Segment Open

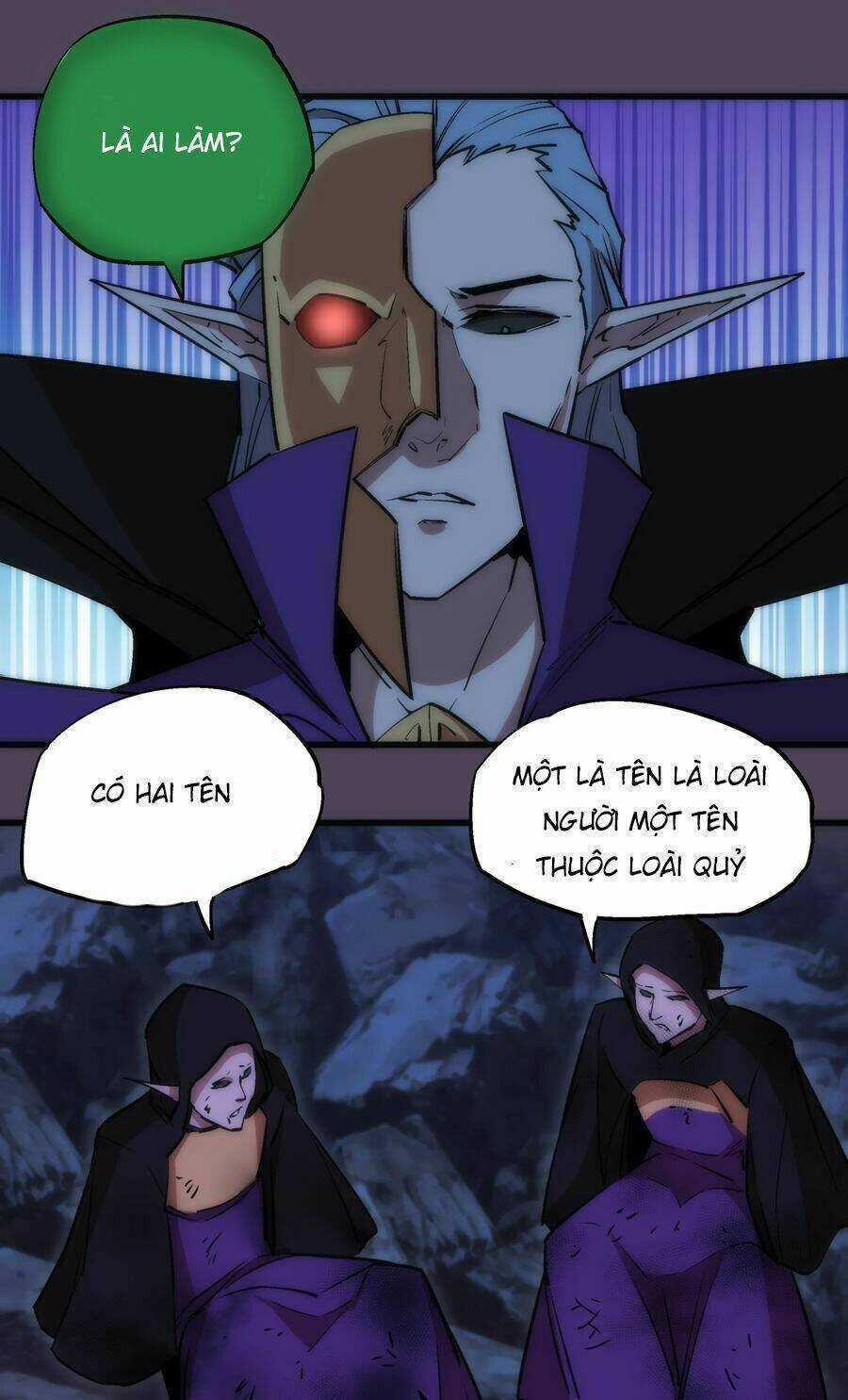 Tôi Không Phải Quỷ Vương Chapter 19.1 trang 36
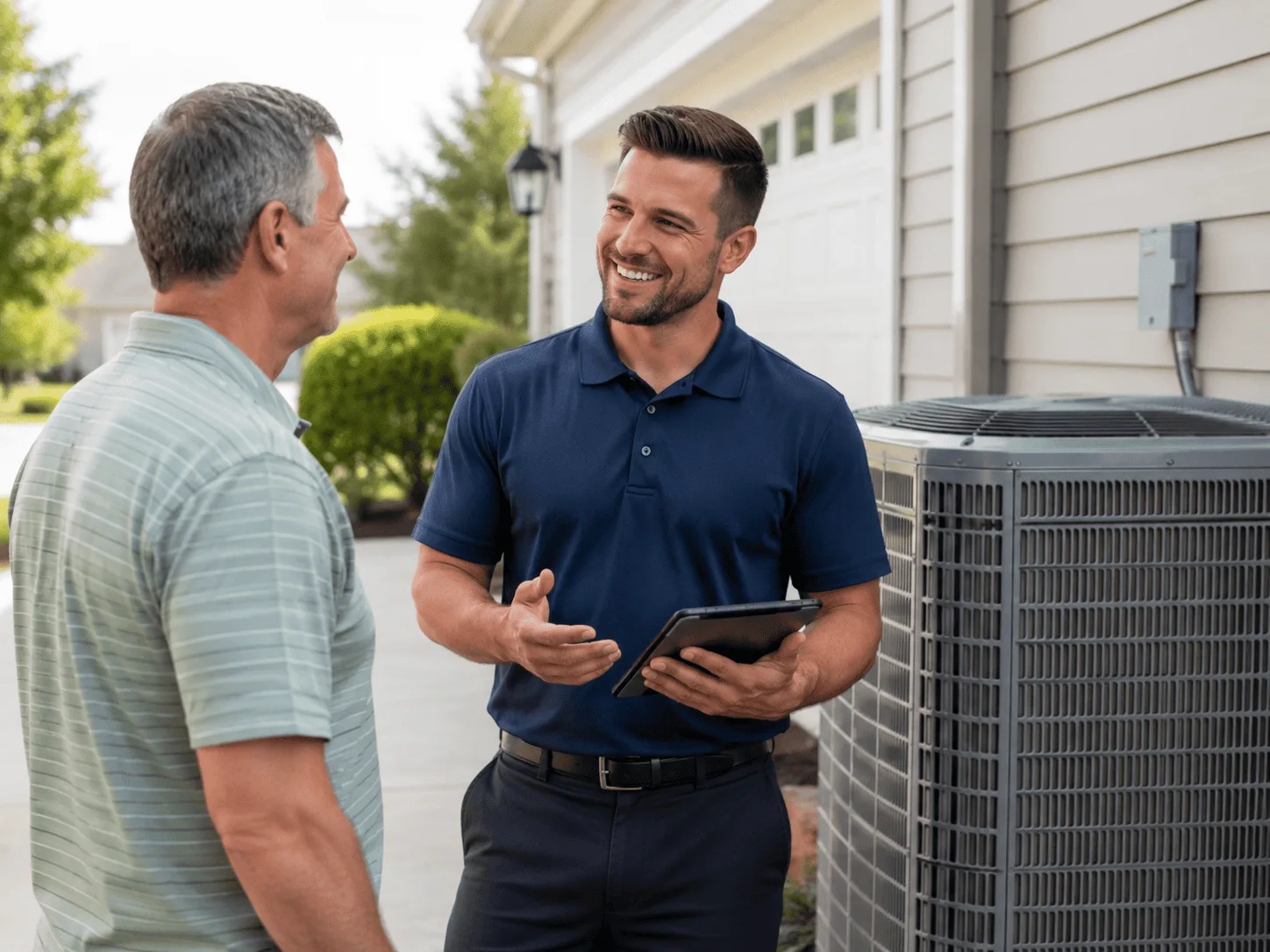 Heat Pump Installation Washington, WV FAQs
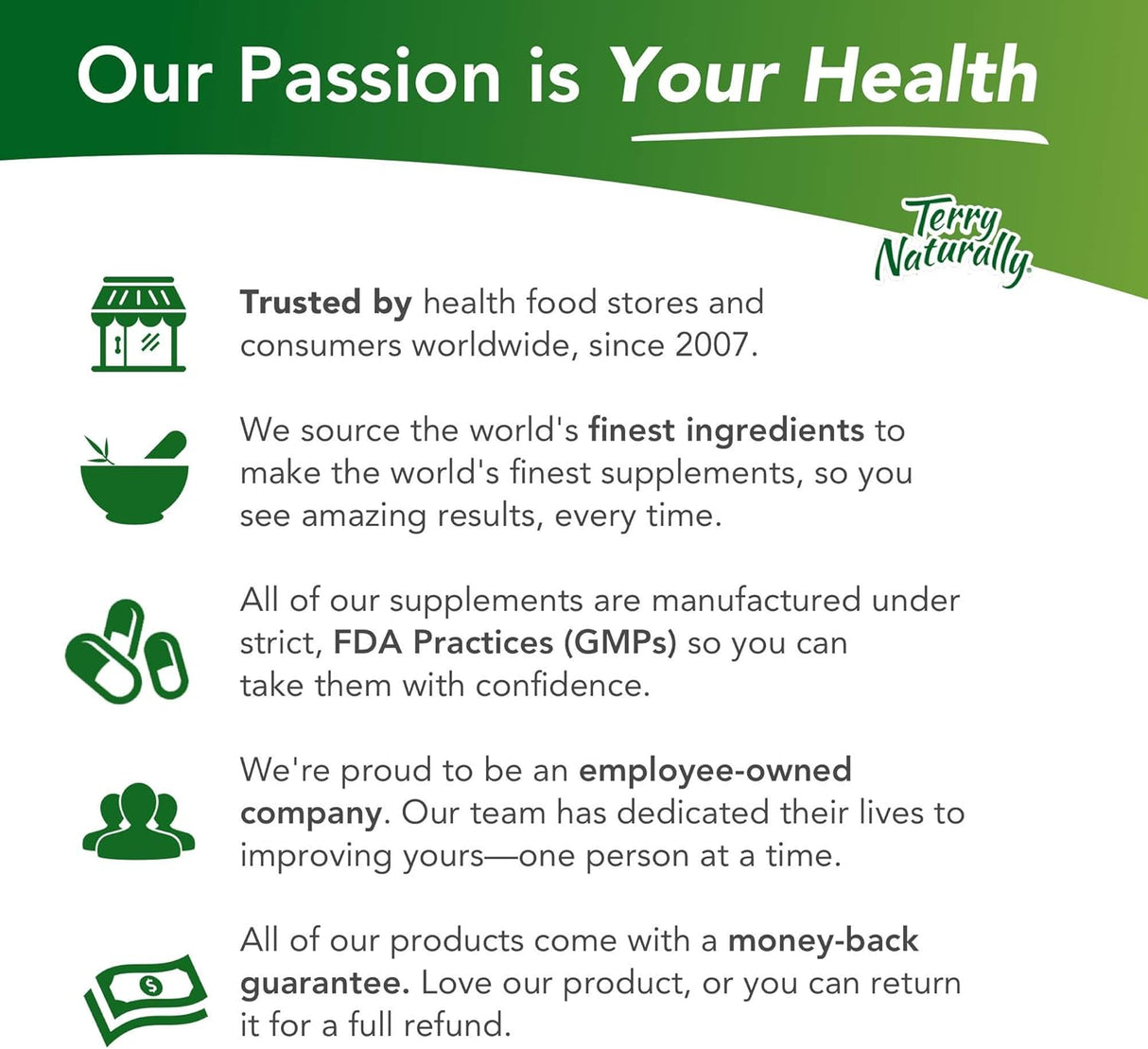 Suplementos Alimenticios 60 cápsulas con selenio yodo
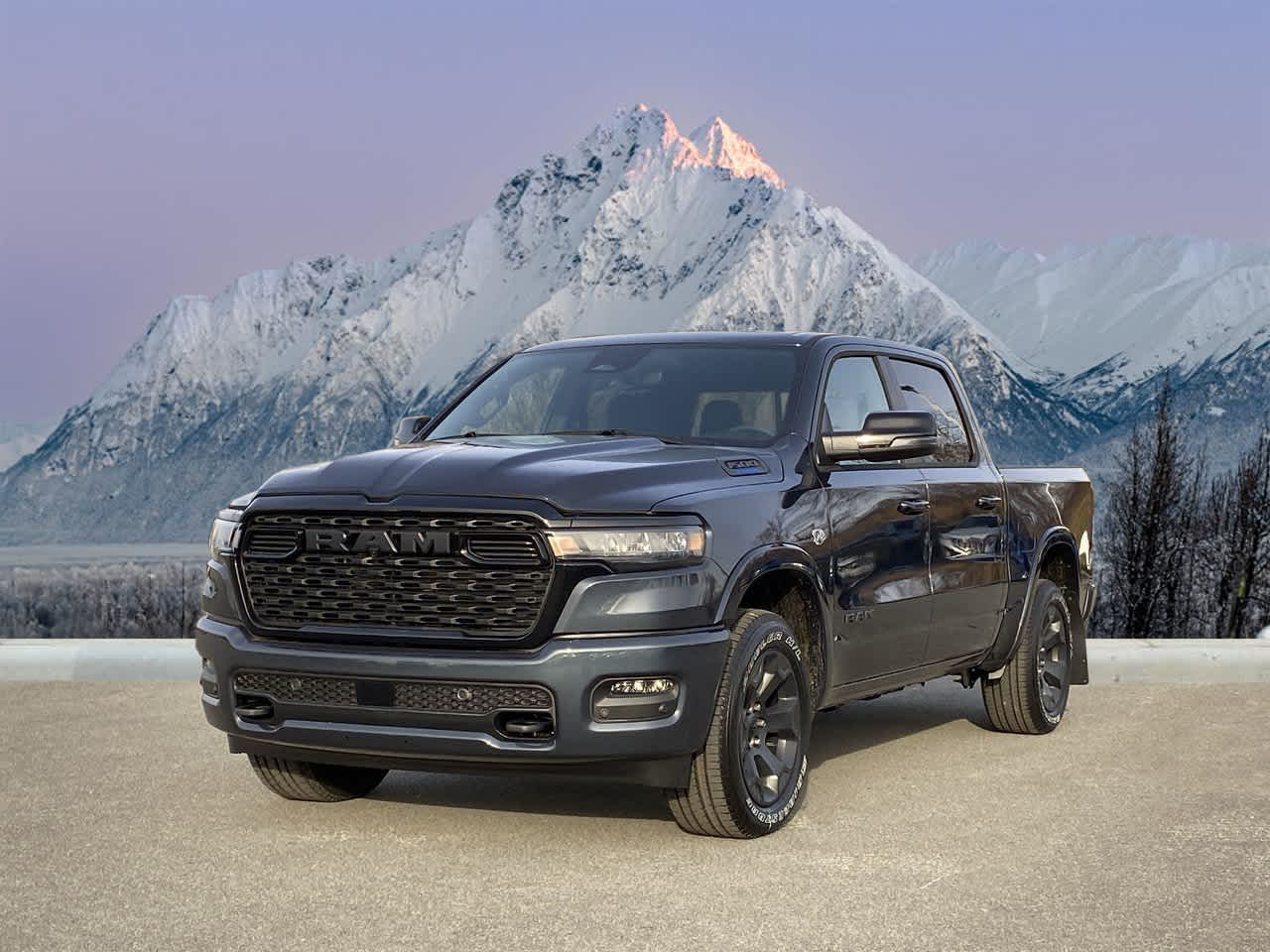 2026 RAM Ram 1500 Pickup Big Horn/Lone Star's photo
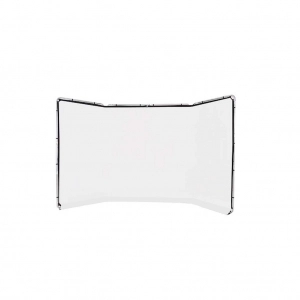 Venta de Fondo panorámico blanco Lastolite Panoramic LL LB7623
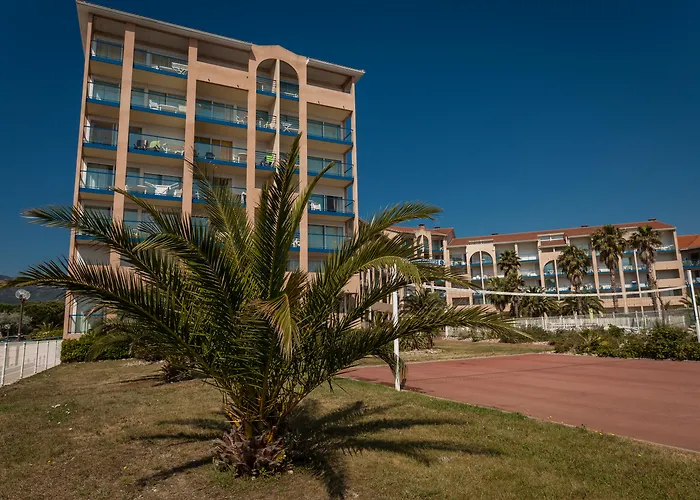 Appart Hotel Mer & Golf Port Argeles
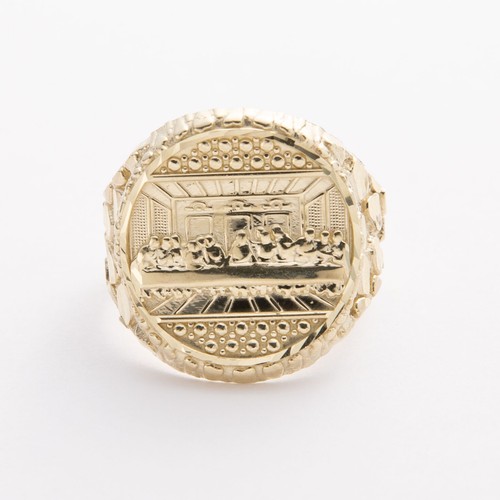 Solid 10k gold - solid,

Segment Closed

# WORK TO BE COMPLETED:
Could you repeat the data exactly, omitting its pictures?

# OUTPUT OF THE TASK:
 Tôi Không Phải Quỷ Vương Chapter 19.1 trang 36
 Heat Pump Installation Washington, WV FAQs
 Suplementos Alimenticios 60 cápsulas con selenio yodo
 2026 RAM Ram 1500 Pickup Big Horn/Lone Star's photo
 Venta de Fondo panorámico blanco Lastolite Panoramic LL LB7623
 Appart Hotel Mer & Golf Port Argeles
 Solid 10k gold - solid,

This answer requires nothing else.